PROMPT:
The answer must restate the records below word for word.

SOURCE INFORMATION:
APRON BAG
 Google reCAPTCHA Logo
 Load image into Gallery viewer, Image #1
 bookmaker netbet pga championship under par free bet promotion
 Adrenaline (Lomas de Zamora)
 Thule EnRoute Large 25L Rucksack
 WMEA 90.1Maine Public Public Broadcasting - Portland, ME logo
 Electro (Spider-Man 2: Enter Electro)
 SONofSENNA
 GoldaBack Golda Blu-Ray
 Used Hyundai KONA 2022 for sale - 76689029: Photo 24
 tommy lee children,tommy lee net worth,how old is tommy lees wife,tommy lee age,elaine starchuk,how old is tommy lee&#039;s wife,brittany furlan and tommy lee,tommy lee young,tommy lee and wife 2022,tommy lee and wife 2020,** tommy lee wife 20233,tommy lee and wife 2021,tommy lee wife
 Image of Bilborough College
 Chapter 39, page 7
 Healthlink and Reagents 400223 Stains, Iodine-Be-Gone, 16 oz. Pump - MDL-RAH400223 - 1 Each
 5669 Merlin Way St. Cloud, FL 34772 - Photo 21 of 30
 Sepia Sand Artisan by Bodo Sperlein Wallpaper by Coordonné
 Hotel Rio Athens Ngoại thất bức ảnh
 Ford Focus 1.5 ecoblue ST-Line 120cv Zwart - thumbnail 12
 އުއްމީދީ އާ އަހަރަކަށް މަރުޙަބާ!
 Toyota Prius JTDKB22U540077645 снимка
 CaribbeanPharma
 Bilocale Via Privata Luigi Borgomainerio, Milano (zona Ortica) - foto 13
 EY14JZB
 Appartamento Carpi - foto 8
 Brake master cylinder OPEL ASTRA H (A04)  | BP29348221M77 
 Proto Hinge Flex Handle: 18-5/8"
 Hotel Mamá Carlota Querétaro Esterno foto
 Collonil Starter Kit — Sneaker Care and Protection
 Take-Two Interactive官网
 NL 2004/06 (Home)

SOLUTION TO THIS TASK:
APRON BAG
 Google reCAPTCHA Logo
 Load image into Gallery viewer, Image #1
 bookmaker netbet pga championship under par free bet promotion
 Adrenaline (Lomas de Zamora)
 Thule EnRoute Large 25L Rucksack
 WMEA 90.1Maine Public Public Broadcasting - Portland, ME logo
 Electro (Spider-Man 2: Enter Electro)
 SONofSENNA
 GoldaBack Golda Blu-Ray
 Used Hyundai KONA 2022 for sale - 76689029: Photo 24
 tommy lee children,tommy lee net worth,how old is tommy lees wife,tommy lee age,elaine starchuk,how old is tommy lee&#039;s wife,brittany furlan and tommy lee,tommy lee young,tommy lee and wife 2022,tommy lee and wife 2020,** tommy lee wife 20233,tommy lee and wife 2021,tommy lee wife
 Image of Bilborough College
 Chapter 39, page 7
 Healthlink and Reagents 400223 Stains, Iodine-Be-Gone, 16 oz. Pump - MDL-RAH400223 - 1 Each
 5669 Merlin Way St. Cloud, FL 34772 - Photo 21 of 30
 Sepia Sand Artisan by Bodo Sperlein Wallpaper by Coordonné
 Hotel Rio Athens Ngoại thất bức ảnh
 Ford Focus 1.5 ecoblue ST-Line 120cv Zwart - thumbnail 12
 އުއްމީދީ އާ އަހަރަކަށް މަރުޙަބާ!
 Toyota Prius JTDKB22U540077645 снимка
 CaribbeanPharma
 Bilocale Via Privata Luigi Borgomainerio, Milano (zona Ortica) - foto 13
 EY14JZB
 Appartamento Carpi - foto 8
 Brake master cylinder OPEL ASTRA H (A04)  | BP29348221M77 
 Proto Hinge Flex Handle: 18-5/8"
 Hotel Mamá Carlota Querétaro Esterno foto
 Collonil Starter Kit — Sneaker Care and Protection
 Take-Two Interactive官网
 NL 2004/06 (Home)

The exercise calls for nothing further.